The expanded attention to characteristics of quality logging operations can create barriers between harvesters and forest managers. For QLOs to persist for decades to come, a dialogue between timber harvesters and forest managers is necessary. This report’s larger purpose is to support a dialogue between these groups to bolster recruitment of QLOs and limit attrition of those capable of performing quality logging operations. 

This recent survey’s results, illustrating ecological forestry professionals’ understanding of logging industry successes and challenges amid the need for ecologically minded forest management and forest operations is just part of that larger dialogue. Previous surveys of the logging community have been conducted over time by others and show alignment with many of the concerns raised by foresters in our survey. For example, 

  1. “Finding skilled workers was identified as the greatest barrier to success by the respondents, underscoring the need for more training opportunities.” Vaughan et al. 2022 Forest Contracting Businesses in the US Southwest: Current Profile and Workforce Training Needs. J. For. 120, 186–197.  
  2. In the Lake States, survey data from 2003 and 2010 were analyzed in Rickenbach et al 2015. Wisconsin’s Logging Sector: Status and Future Direction.
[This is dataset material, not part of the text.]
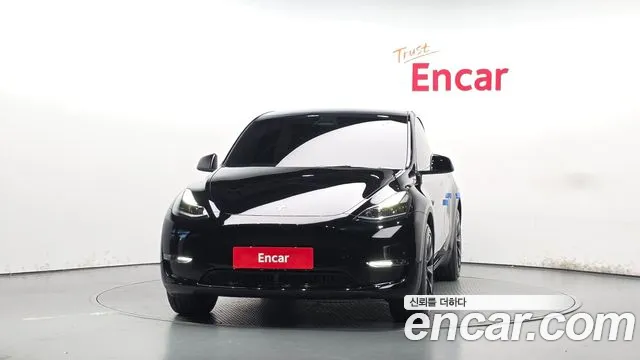 Tesla Model Y — Фото автомобиля 3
UWEX Cooperative Extension G4073, Madison, WI. Some implications mentioned include that “The logging sector has lost business but continues to be able to supply wood to mills because businesses have gotten bigger. This trend is likely to continue, but barriers exist. Further analysis and policy changes will likely be needed to ensure adequate logging capacity in the future.” “…Opportunities to gain technical skills are available but can be difficult to access or pay for. Moreover, the capital required to enter the business provides a barrier to entry and a challenge to existing businesses looking to expand.”  
  3. New England states found similar sentiments according to Egan, A., 2011. Characteristics of and Challenges Faced by Logging Business Owners in Southern New England. North. J. Appl. For. 28, 180–185. “A mailed survey, informed by focus groups, key informant interviews, and previous research, was used to develop baseline information about the region’s logging business owners and to explore challenges to the region’s logging businesses.” “Logging business owners cited several challenges to maintaining or expanding their businesses, including day-to-day operating costs, equipment and insurance costs, the price of stumpage, a shrinking forestland base, and harvest regulations. In addition, there was a general perception of the public’s lack of respect for loggers and logging, as well as a perceived disconnect between forest products that the public consumes and the work that loggers perform. Loggers in the region appeared to have less familial attachment to logging, more non-logging employment opportunity, and a diminished sense of occupational prestige compared with other logging business owners in the northeast.” 
  4. The Southeast survey analysis echos the concerns in Spong et al. 2010. Characteristics of West Virginia loggers during economically difficult times. USDA Forest Service, GTR- NRS-P-78 “Unfortunately, increasing logging rates and certification programs have not been enough to save a large number of employees in the logging workforce from losing their jobs. Twenty-five percent of loggers responded that they laid off more than half of their employees.” “Another difficulty loggers face is the requirement to make workers’ compensation payments. West Virginia privatized its workers’ compensation insurance system in 2006, creating an opportunity for new programs and potential savings to the logging business. However, this potential savings has not yet arrived for most loggers…” 

The Guild and Dovetail’s report along with other similar research highlight the challenges facing loggers, and hence foresters’ ability to implement ecologically sound management.”